It took five years to grow a fine shell. The sixth year often doubled the value in mother-of-pearl, and the seventh year doubled it again. The Chinese, in a certain famous fishery off their coast, sought the shells only every ten or fifteen years; but those yellow people had the last word in conservation of soil and every other source of gain, forced to a sublimated philosophy by the demands of hundreds of millions of hungry bellies.

Warned by the Parisian professor, the French Government made strict regulations to prevent the extinction of the pearl-oyster, and, incidentally, of the Paumotuan. For the oyster they instituted the closed season or rahui, forbidding the taking of shells from certain atolls except at times stated. Experts examined the lagoons, and upon their recommendations a schedule of the rahui was drawn out, so that while diving might be permitted in one lagoon for successive seasons it might be prohibited in another over a term of years. This had caused a peripatetic school of divers, who went about the group from open lagoon to open lagoon, as vagrants follow projects of railroad building. But the lagoons would never be again what they had been in wealth. The denuding had been too rapacious. However, the oysters were now given time to breed, and their food was taken care of to a degree, though France, the most scientific of nations, with the foremost physicists, chemists, and physicians, did not send her genius to her colonies.

To protect the divers and their families, alcohol was made contraband. It was unlawful to let a Paumotuan have intoxicants. The scenes of riotous debauchery once common and which always marked the diving season, in the merciless pitting of pearl- and shell-buyers against one another, were rare, but surreptitious sale and donation of drink were still going on.

Mormonism, Josephitism, and Seventh Day Adventism, strict sects as to stimulants, had aided the law, and the Lying Bills and McHenrys, the Mandels and the Kopckes, had a white god against them in their devil-take-the-hindmost treatment of the natives. France also confined the buying and selling in the Paumotus to French citizens, so that the non-Gauls by blood had been driven to kiss the flag they contemned. But business excused all subterfuges.


One day when the diving term was almost on, Mapuhi and I were talking on his veranda about the ventures of his life, and especially of his experiences under the sea.

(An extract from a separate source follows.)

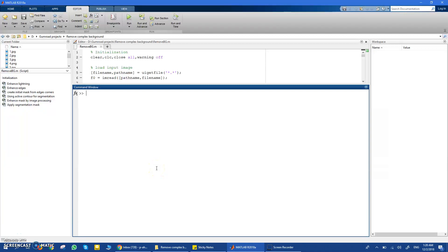In this video I want to show you my code to segment an image into foreground and background. It uses a lot of image processing to remove a very complex background from any image. I'm working on this project and you always have this problem whenever you want to deal with images on MATLAB — you want to remove the background and get the foreground for whatever is inside the image so you can do further processing.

“Come!” he said, with an indulgent smile upon his flawed but noble face, “American, you and I will go upon the lagoon, and I will show you what may be strange to you.”

Going to the end of his spit of land, we entered a canoe, and, with the chief paddling swiftly, moved towards the other side of the lagoon, away from the habitations of the Paumotuans. When a hundred yards or two offshore, Mapuhi shipped his paddle and let the outrigger canoe lie idly on the water.

“Look!” he said, appraisingly, “See the wonders of God prepared for his children!”

I took the titea mata he handed me, the four-sided wooden box with a pane of ordinary glass fixed in it, about fifteen inches square, and notched for the neck of the observer. Putting the glass below the surface and gazing through it, I was in fairy-land.